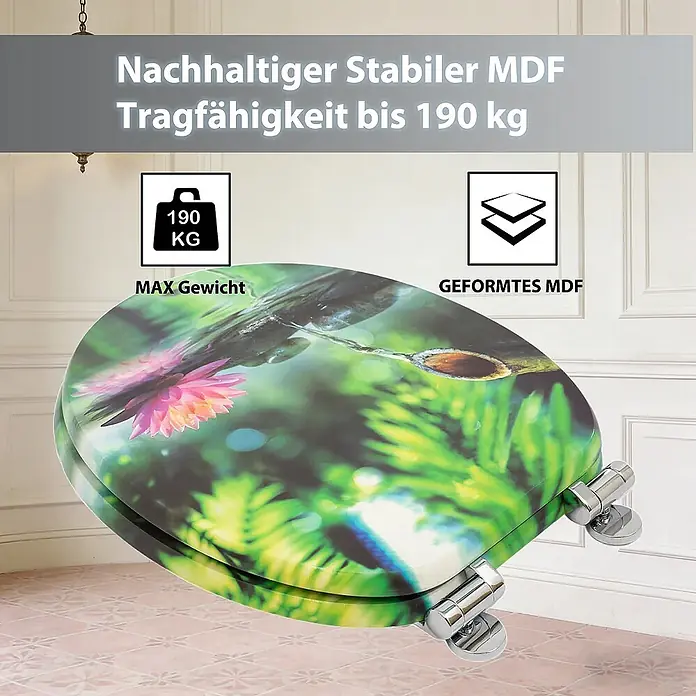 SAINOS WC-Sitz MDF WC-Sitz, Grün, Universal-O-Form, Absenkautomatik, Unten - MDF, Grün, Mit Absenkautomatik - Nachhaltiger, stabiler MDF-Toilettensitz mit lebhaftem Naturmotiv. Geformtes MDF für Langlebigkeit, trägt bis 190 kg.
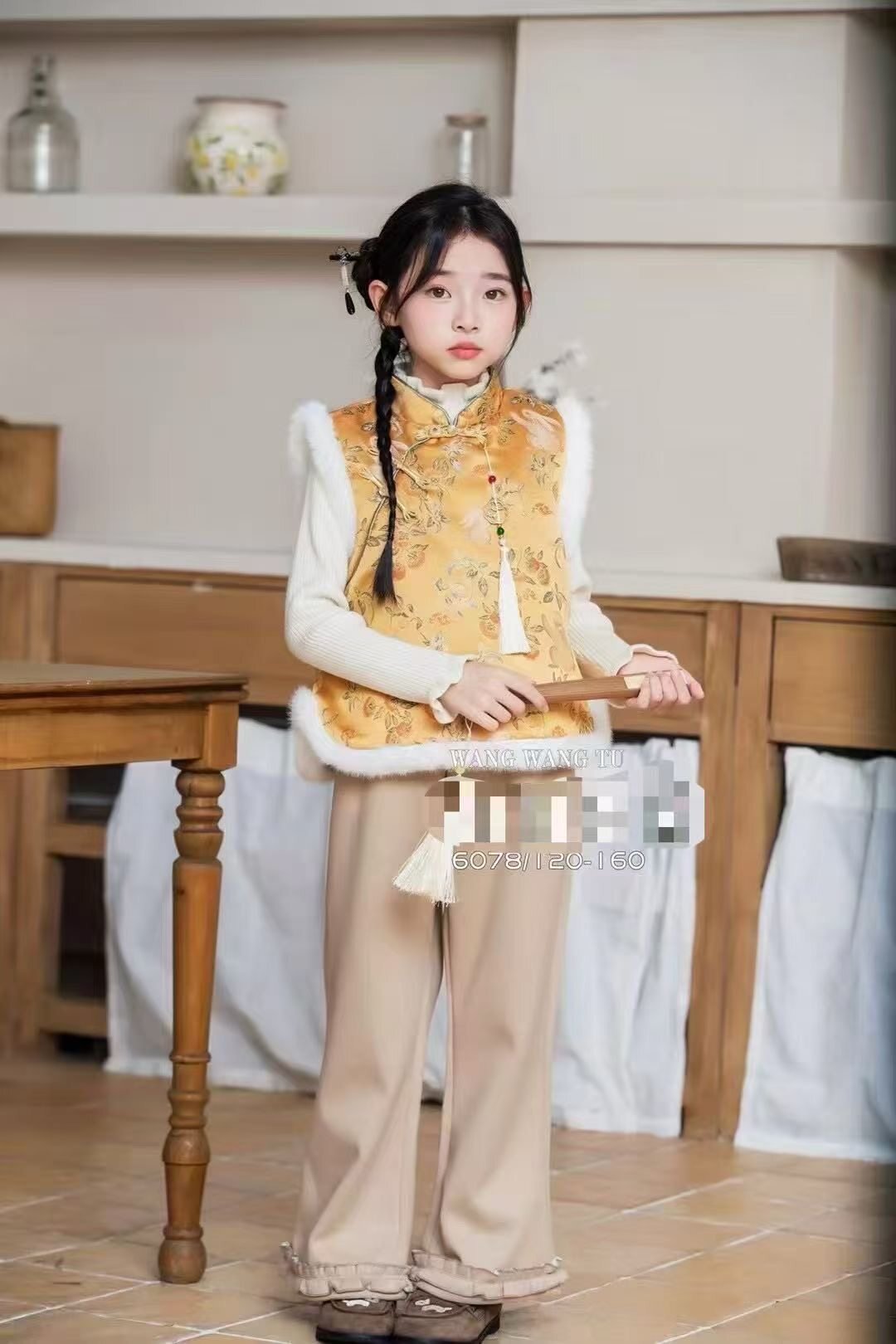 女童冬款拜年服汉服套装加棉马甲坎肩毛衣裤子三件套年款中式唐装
⁂
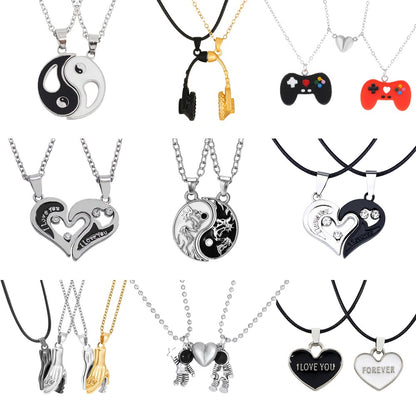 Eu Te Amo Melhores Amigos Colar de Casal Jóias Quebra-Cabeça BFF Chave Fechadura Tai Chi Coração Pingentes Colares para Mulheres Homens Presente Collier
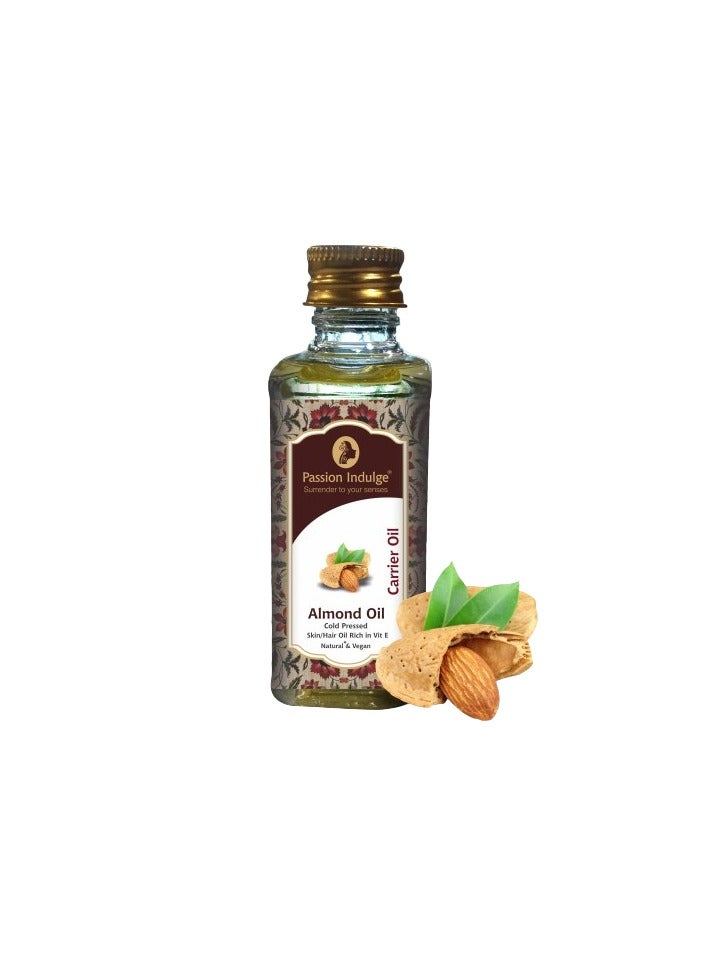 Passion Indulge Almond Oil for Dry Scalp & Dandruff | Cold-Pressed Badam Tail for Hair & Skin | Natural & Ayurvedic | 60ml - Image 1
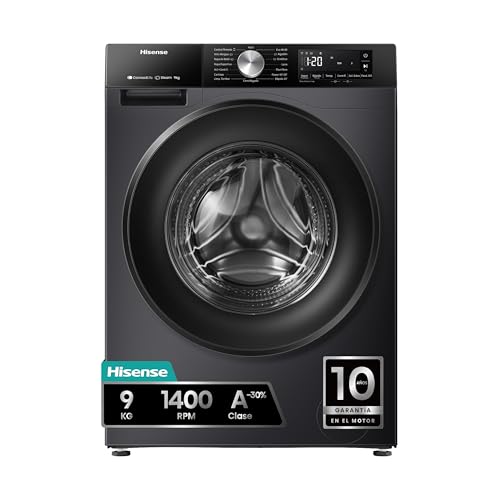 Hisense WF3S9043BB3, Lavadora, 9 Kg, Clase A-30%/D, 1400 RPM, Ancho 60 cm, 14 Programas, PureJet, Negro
⁂
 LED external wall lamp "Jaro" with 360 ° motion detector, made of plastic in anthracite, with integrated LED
⁂
#### ABOUT THIS TASK:
Using the records above, return verbatim only the part that opens with the line containing "Eu Te Amo Melhores" and closes with the line containing "Hisense WF3S9043BB3, Lavadora, 9"; pictures stay out.

#### TASK SOLUTION:
 Eu Te Amo Melhores Amigos Colar de Casal Jóias Quebra-Cabeça BFF Chave Fechadura Tai Chi Coração Pingentes Colares para Mulheres Homens Presente Collier
 Passion Indulge Almond Oil for Dry Scalp & Dandruff | Cold-Pressed Badam Tail for Hair & Skin | Natural & Ayurvedic | 60ml - Image 1
 Hisense WF3S9043BB3, Lavadora, 9 Kg, Clase A-30%/D, 1400 RPM, Ancho 60 cm, 14 Programas, PureJet, Negro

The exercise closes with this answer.